Continuing with the signs for concern is the physical stature of the Red Sox young bats. Mookie Betts, the reigning runner-up for the AL MVP, is listed at 5’9 and 180 lbs; Andrew Benintendi is nearly the same size. Bogaerts is bigger than both but has yet to flash his power, especially in 2017. Now I’m not saying that a hitter has to be the size of Giancarlo Stanton or Aaron Judge to be a legitimate power threat, but it is hard for someone smaller than the average American male to be a premier home run hitter. Some people may say, “well Betts hit 31 homers last year,” and that is true. However, Betts relies on lightning quick hands and bat speed to produce power when pulling the ball, so even when hitting 30 bombs, Mookie does not have power to all fields. Bogaerts hit 21 dingers last year, but that looks to be more like the exception than the rule. Furthermore, even if he becomes a consistent 20 homer guy, that figure has become so common that hitting .300 is much more valuable. Likewise, the same logic applies to Benintendi who will likely top the 20 home run mark this season. With other young stars like Aaron Judge, Cody Bellinger, and Kris Bryant lighting up stadiums with towering moonshots, Red Sox Nation must remember that Boston's youngsters aren't built the same way, and it could hurt the team in October.
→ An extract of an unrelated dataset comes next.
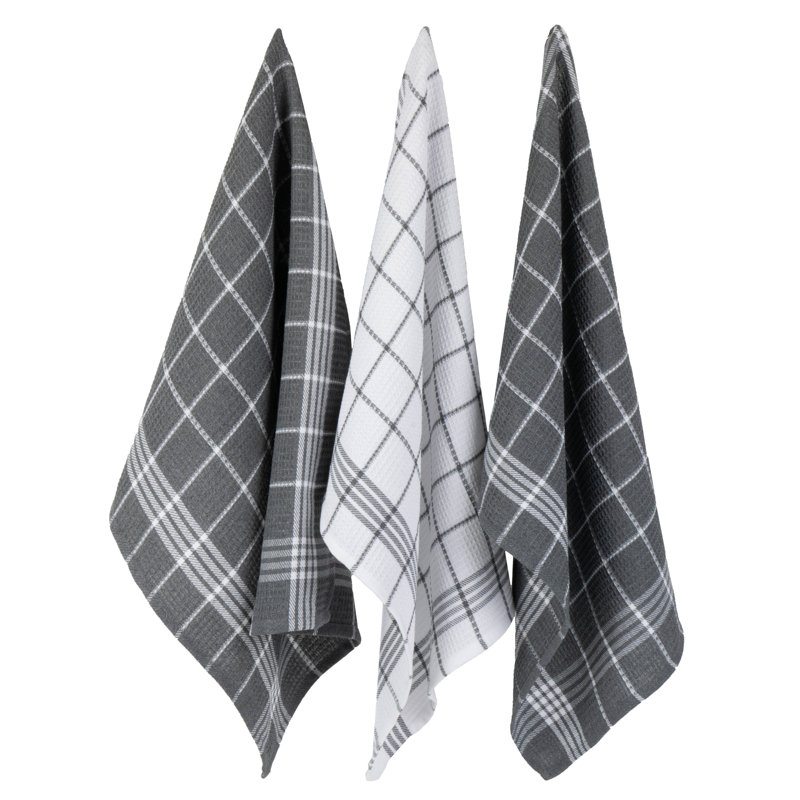 Cotton Checkered Waffle Kitchen Towel Linen Set, Grey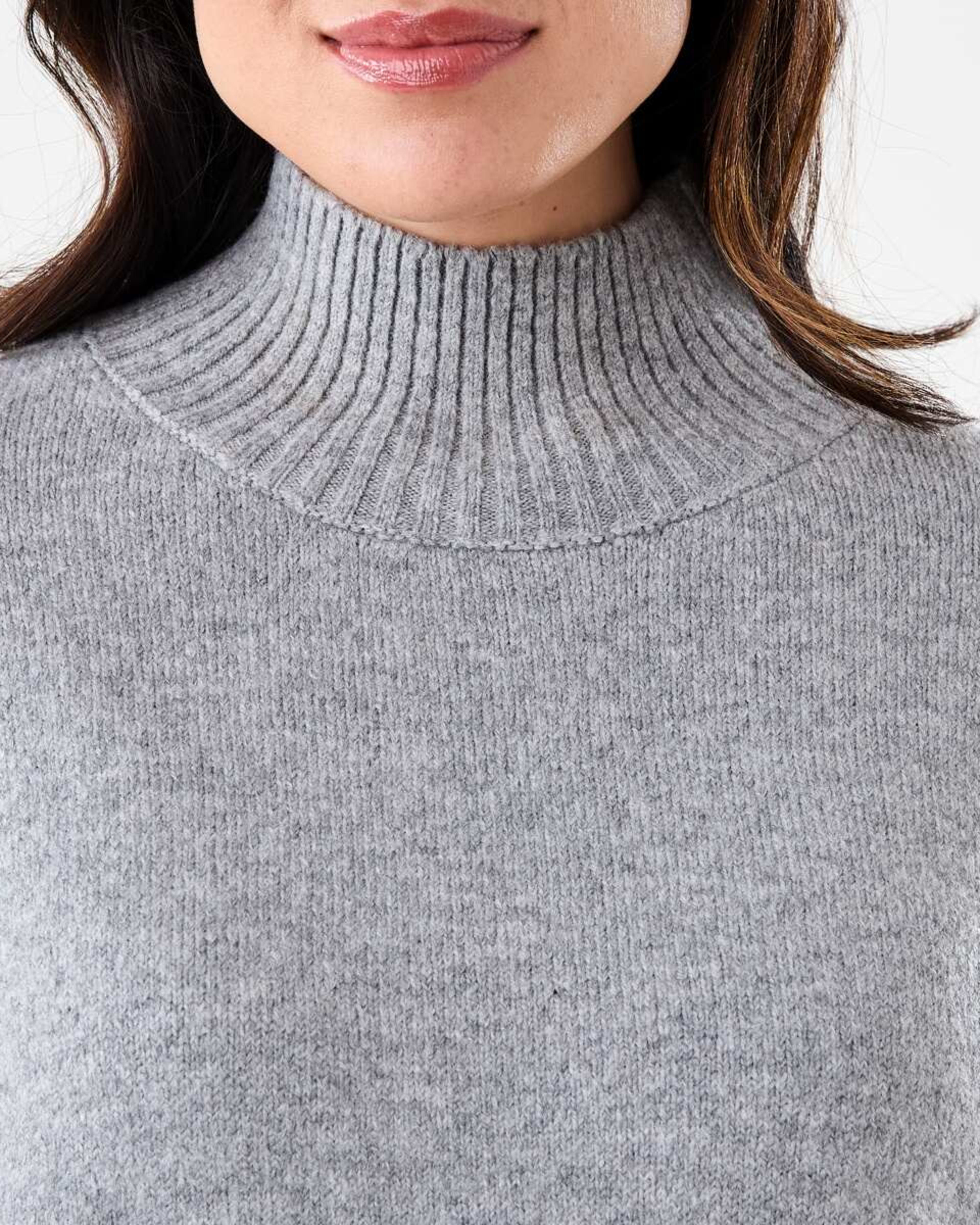 6 Funnel Split Hem Jumper Char Marle, 6 of 7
Organizationally, all the top talent is on the big club, and the farm system looks like a barren wasteland. Therefore, For at least the next few seasons, the current lineup looks to be the core of this team and the heart of the lineup, so fans should not anticipate to see a great number of home runs fly out of Fenway for the next season and a half. The Sox should still be able to manufacture runs and play an exciting brand of baseball. And hey, maybe in the vaunted 2018-19 offseason, John Henry can open up his purse and splurge on Bryce Harper or Manny Machado.